Fundamental corporate metrics are retrieved via TradingView's Financial Data API. These include earnings per share, price-to-earnings ratio, return on equity, debt-to-equity ratio, dividend yield, and share buyback yield. Cochrane (2011) emphasizes in "Presidential Address: Discount Rates" the central importance of valuation metrics for forecasting future returns, making these fundamental data a cornerstone of the model.
Volatility indicators are represented by the CBOE Volatility Index (VIX) and related metrics. The VIX, often referred to as the market's "fear gauge," measures the implied volatility of S&P 500 index options and serves as a proxy for market participants' risk perception. Whaley (2000) describes in "The Investor Fear Gauge" the construction and interpretation of the VIX and its use as a sentiment indicator.
Macroeconomic data includes yield curve information through US Treasury bonds of various maturities and credit risk premiums through the spread between high-yield bonds and risk-free government bonds. These variables capture the macroeconomic conditions and financing conditions relevant for equity valuation. Estrella and Hardouvelis (1991) showed that the shape of the yield curve has predictive power for future economic activity, justifying the inclusion of these data.
2.2 Handling Missing Data
A practical problem when working with financial data is dealing with missing or unavailable values. The model implements a fallback system where a plausible historical average value is stored for each fundamental metric. When current data is unavailable for a specific point in time, this fallback value is used. This approach ensures that the model remains functional even during temporary data outages and avoids systematic biases from missing data. The use of average values as fallback is conservative, as it generates neither overly optimistic nor pessimistic signals.
3. Component 1: Market Regime Detection
3.1 The Concept of Market Regimes
The idea that financial markets exist in different "regimes" or states that differ in their statistical properties has a long tradition in financial science. Hamilton (1989) developed regime-switching models that allow distinguishing between different market states with different return and volatility characteristics. The practical application of this theory consists of identifying the current market state and adjusting portfolio allocation accordingly.
DEAM classifies market regimes using a scoring system that considers three main dimensions: trend strength, volatility level, and drawdown depth. This multidimensional view is more robust than focusing on individual indicators, as it captures various facets of market dynamics. Classification occurs into six distinct regimes: Strong Bull, Bull Market, Neutral, Correction, Bear Market, and Crisis.

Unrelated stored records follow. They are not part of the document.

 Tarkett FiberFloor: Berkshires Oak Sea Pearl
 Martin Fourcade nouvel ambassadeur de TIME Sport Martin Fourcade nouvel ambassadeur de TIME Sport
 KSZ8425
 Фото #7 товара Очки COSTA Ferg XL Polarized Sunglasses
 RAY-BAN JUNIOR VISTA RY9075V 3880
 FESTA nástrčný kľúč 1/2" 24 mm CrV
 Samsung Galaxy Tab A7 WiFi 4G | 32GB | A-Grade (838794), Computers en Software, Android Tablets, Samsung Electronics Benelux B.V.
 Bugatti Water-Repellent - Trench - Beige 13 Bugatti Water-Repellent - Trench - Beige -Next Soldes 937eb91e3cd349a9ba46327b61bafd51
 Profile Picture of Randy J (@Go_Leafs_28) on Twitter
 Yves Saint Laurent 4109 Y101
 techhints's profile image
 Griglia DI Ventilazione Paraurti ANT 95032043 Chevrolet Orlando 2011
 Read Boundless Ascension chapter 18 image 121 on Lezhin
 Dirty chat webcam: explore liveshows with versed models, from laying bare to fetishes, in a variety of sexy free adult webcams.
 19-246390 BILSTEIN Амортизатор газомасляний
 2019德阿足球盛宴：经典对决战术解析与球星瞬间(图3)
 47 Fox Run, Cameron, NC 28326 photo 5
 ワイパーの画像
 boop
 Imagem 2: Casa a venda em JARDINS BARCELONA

3.2 Trend Analysis Through Moving Averages
Moving averages are among the oldest and most widely used technical indicators and have also received attention in academic literature. Brock, Lakonishok, and LeBaron (1992) examined in "Simple Technical Trading Rules and the Stochastic Properties of Stock Returns" the profitability of trading rules based on moving averages and found evidence for their predictive power, although later studies questioned the robustness of these results when considering transaction costs.
The model calculates three moving averages with different time windows: a 20-day average (approximately one trading month), a 50-day average (approximately one quarter), and a 200-day average (approximately one trading year). The relationship of the current price to these averages and the relationship of the averages to each other provide information about trend strength and direction. When the price trades above all three averages and the short-term average is above the long-term, this indicates an established uptrend. The model assigns points based on these constellations, with longer-term trends weighted more heavily as they are considered more persistent.
3.3 Volatility Regimes
Volatility, understood as the standard deviation of returns, is a central concept of financial theory and serves as the primary risk measure. However, research has shown that volatility is not constant but changes over time and occurs in clusters—a phenomenon first documented by Mandelbrot (1963) and later formalized through ARCH and GARCH models (Engle, 1982; Bollerslev, 1986).
DEAM calculates volatility not only through the classic method of return standard deviation but also uses more advanced estimators such as the Parkinson estimator and the Garman-Klass estimator. These methods utilize intraday information (high and low prices) and are more efficient than simple close-to-close volatility estimators. The Parkinson estimator (Parkinson, 1980) uses the range between high and low of a trading day and is based on the recognition that this information reveals more about true volatility than just the closing price difference. The Garman-Klass estimator (Garman and Klass, 1980) extends this approach by additionally considering opening and closing prices.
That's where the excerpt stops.